Energy Vault Holdings, Inc. is an energy storage solutions company that delivers a diversified portfolio of proprietary gravity, battery, and green hydrogen-based technologies, supported by technology-agnostic energy management software and integration capabilities. Beginning in 2024, the company initiated a multi-year transition from primarily project delivery through build-and-transfer and licensing toward an integrated model that includes selectively developing, owning, and operating energy storage assets, while continuing to provide technology, integration, software, and long-term services to customers.
The Business section does not disclose formal reporting segments. The company describes its business as encompassing both third-party project delivery (EPC and EEQ models) and an Own & Operate strategy through its Asset Vault platform. No revenue share by segment is provided.

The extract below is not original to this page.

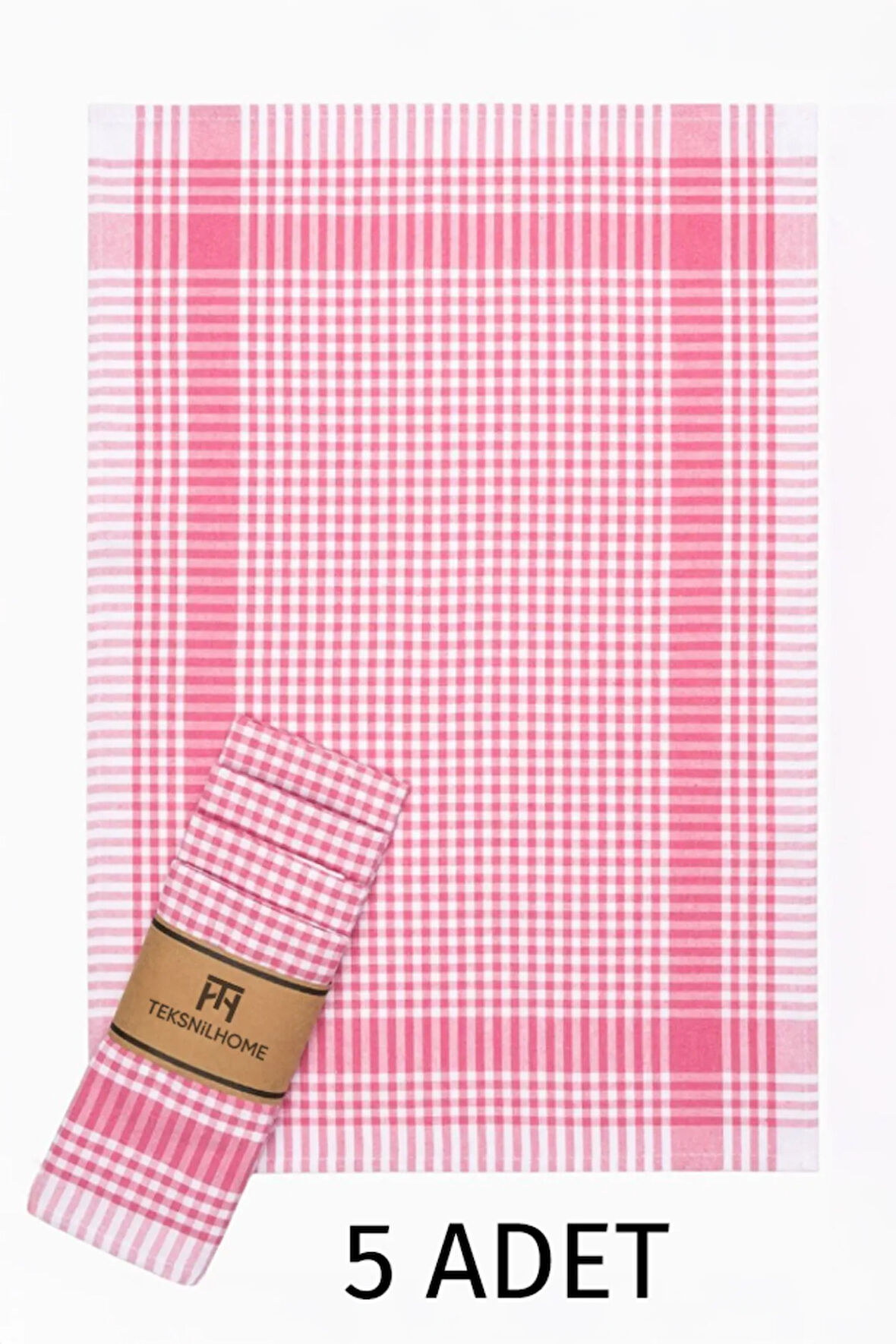 %100 Pamuk Fuşya,pembe Renkli Pötikareli 5 Adet Kurulama Bezi,beslenme Örtüsü,servis Peçetesi 40x60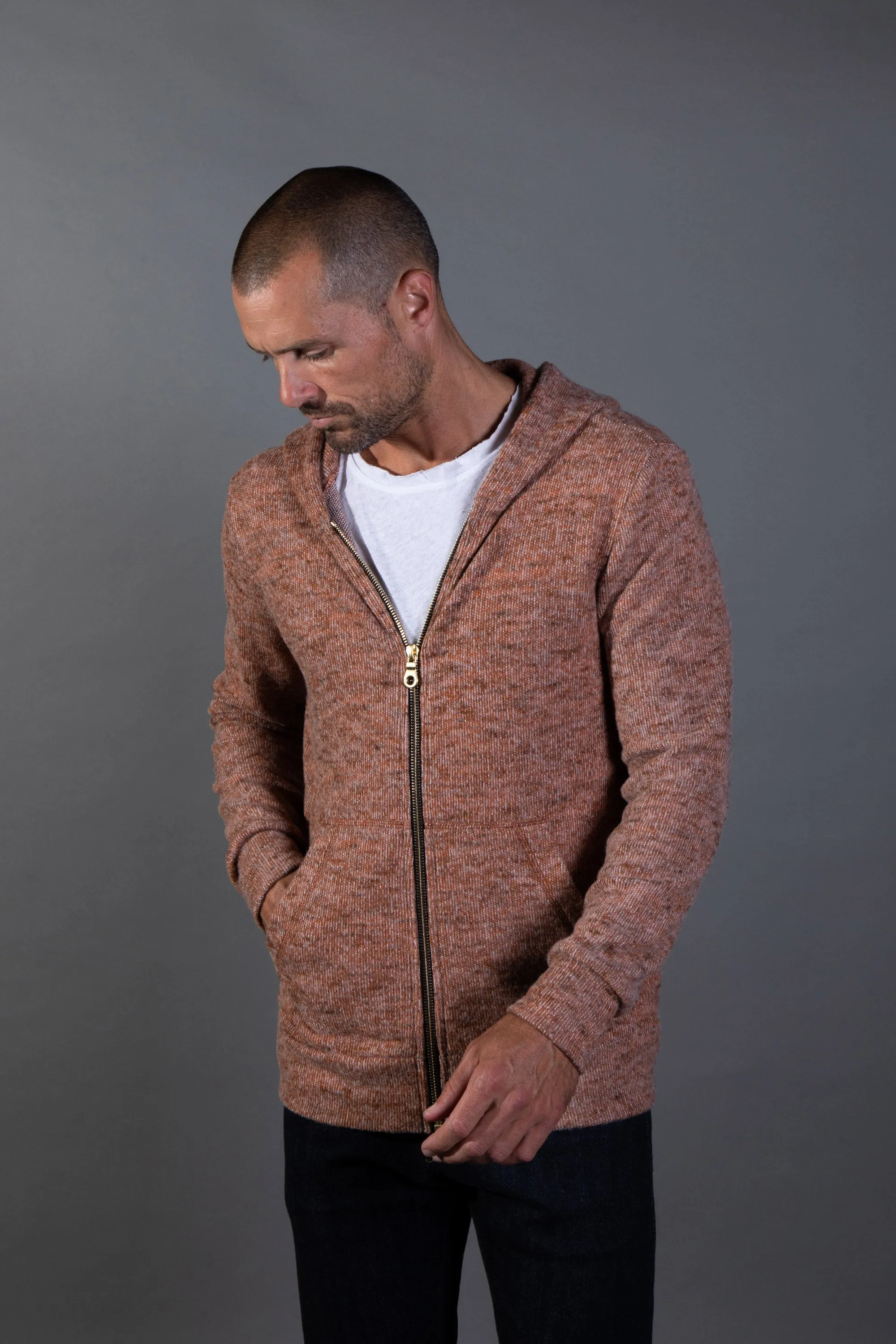 Men's Soft Knit Melange Zip Front Hoodie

Energy Vault's product portfolio includes B-VAULT (electrochemical BESS for short-duration, 1-4 hours, with AC/DC configurations and the new B-VAULT FlexGrid for 2-25 MW applications), G-VAULT (gravity energy storage for longer-duration, using lifting and lowering composite blocks or water), and H-VAULT (hydrogen or hybrid systems integrating fuel cells with batteries, as deployed at the Calistoga Resiliency Center). Software solutions include VaultOS Energy Management System for real-time monitoring and dispatch, Vault-Bidder (AI-driven bidding optimization), and Vault-Manager (asset performance analytics). The Asset Vault platform was launched in 2025 as a majority-owned subsidiary to develop, build, own, and operate projects.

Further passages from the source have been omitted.